- Founder: Rita Verdonk
- Founded: 17 October 2007; 18 years ago
- Split from: People's Party for Freedom and Democracy
- Headquarters: Postbus 60 2501 CB The Hague
- Ideology: National liberalism Soft Euroscepticism
- Political position: Right-wing
- Colours: Red, White, Blue & Orange

Website
- www.trotsnl.nl

= Trots op Nederland =

Trots op Nederland (TON, short: Trots; English: "Proud of the Netherlands") is a political party in the Netherlands. It was founded by Rita Verdonk, an independent member of the House of Representatives, previously a member of the People's Party for Freedom and Democracy (VVD).

== History ==

On 3 April 2008, Verdonk launched the party. A subsequent poll by Maurice De Hond indicated that Trots op Nederland and the Labour Party would be tied for second place with 22 seats each in the Dutch Parliament which counts 150 seats. Verdonk declared that her movement would consist of "sympathizers" and, like the Party for Freedom, would not have a membership structure. However, on 7 July 2009, it was announced that the "movement" would become a Dutch political party.

Verdonk stated that she wanted to use the party's own wiki as a debating platform for citizens. The party was labeled as right wing and conservative liberal by the Dutch newspaper NRC Handelsblad.

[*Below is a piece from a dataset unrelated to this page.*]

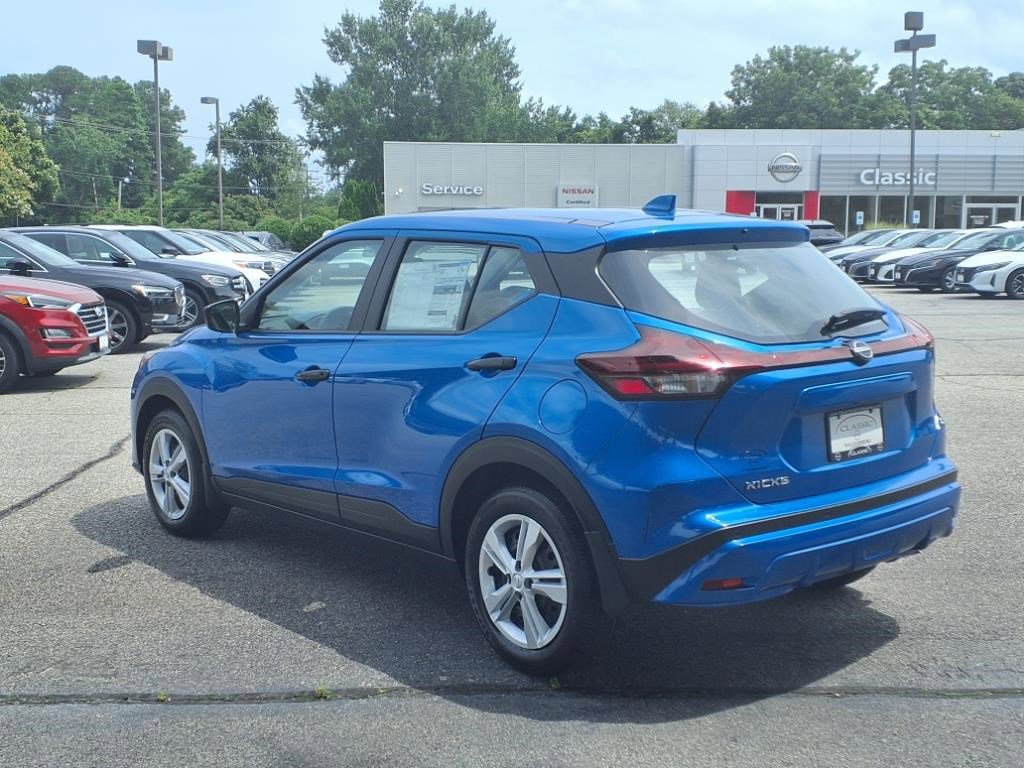2025 Nissan Kicks Play S photo 6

An opinion poll by Interview-NSS taken in week 42 of 2007 showed that Verdonk's movement would obtain 9.9% of the parliamentary vote, with losses for the People's Party for Freedom and Democracy, Party for Freedom and the Socialist Party.

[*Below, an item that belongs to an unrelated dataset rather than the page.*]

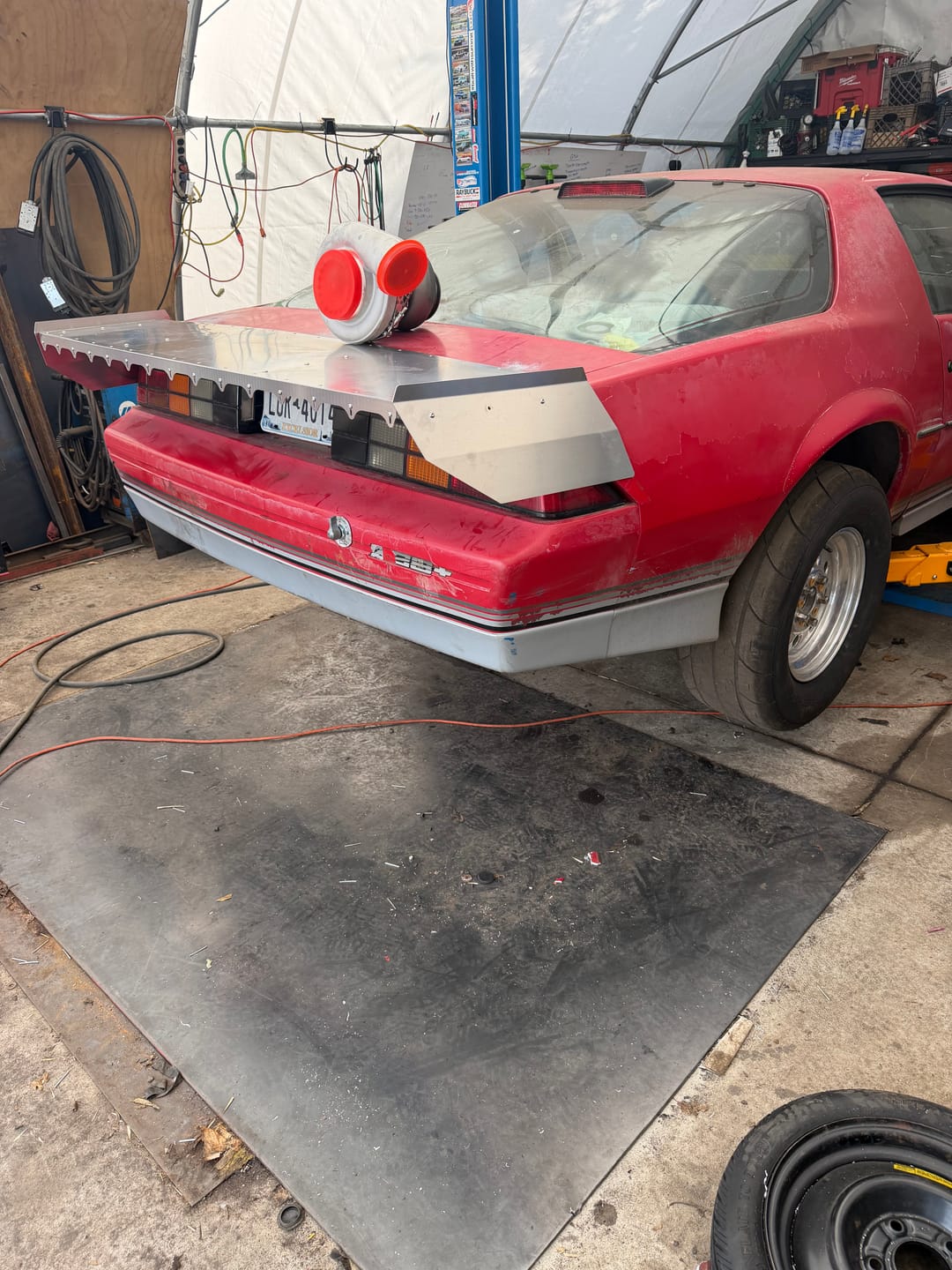 Customer photo review of 1982-92 Chevy Camaro Aluminum 15" Strutless Drag Wing 31-170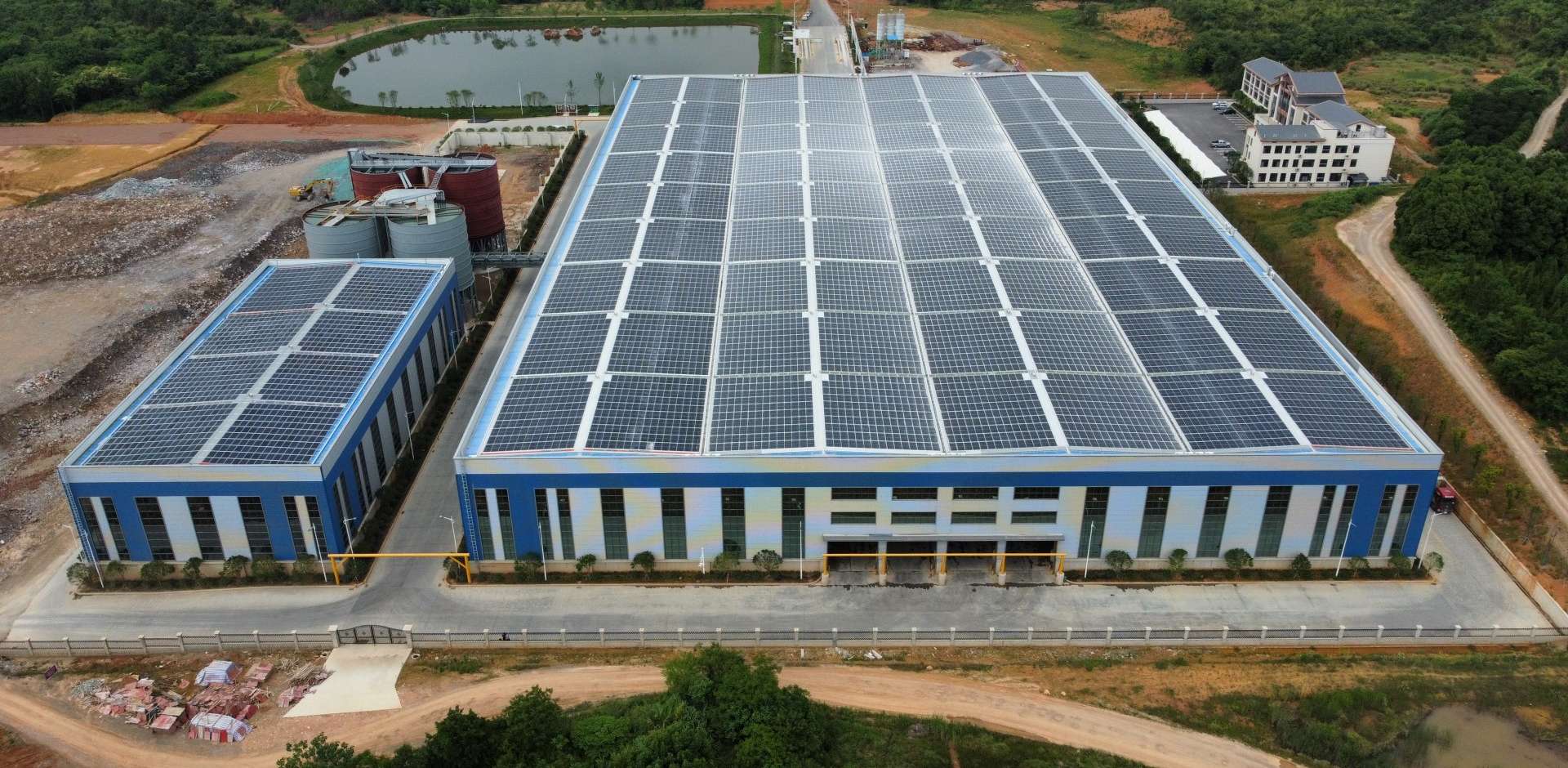 1920-2022年4月，，，安徽池州汇成物资4MW光伏发电BIPV项目，，，年发电约400万度，，，知足约40%用电需求.jpg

After the party's launch, its popularity has gradually dwindled. Starting from the middle of 2009 polls showed the party winning at most one seat. On 3 March 2010, the party participated for the first time in Dutch municipal elections of 2010. The party had a reasonable showing for a new party capturing nearly fifty seats in thirty different local councils. In Den Helder it was the second largest party. In the Dutch general election of 2010 on 9 June 2010 Verdonk did not receive enough votes to secure a seat in the House of Representatives. As a result, she decided to drop out of national politics.

The party was going to participate in the general election of 2012; however, on 9 June 2012, Hero Brinkman announced that the Onafhankelijke Burger Partij (OBP) was merging with Trots op Nederland to form a new party: the Democratic Political Turning Point. On 19 November 2012, the merger was stopped and Trots op Nederland continued as an independent party.

== Views and policies ==
The party described its platform under the acronym PRIDE which consists of eight main themes: education, integration, regulation, security, immigration, traffic management, social care, and development cooperation.

The party stated that it stood for individual freedom and that government policy should serve the citizen and not the other way around. In Verdonk's vision, a small but decisive government works best, which enforces the most necessary laws strictly and justly. That means fewer rules, fewer civil servants, but more entrepreneurship and more room for self-confident citizens. The party also supports stricter measures against crime.

Other policies include:
- Reforming laws to allow citizens to defend themselves and their private property.
- Introduction of jury trial.
- The top of the civil service is automatically dismissed if the incumbent minister or alderman leaves. The new director determines who will subsequently be appointed as new employees.
- Choice of life imprisonment or voluntary castration of convicted pedophiles.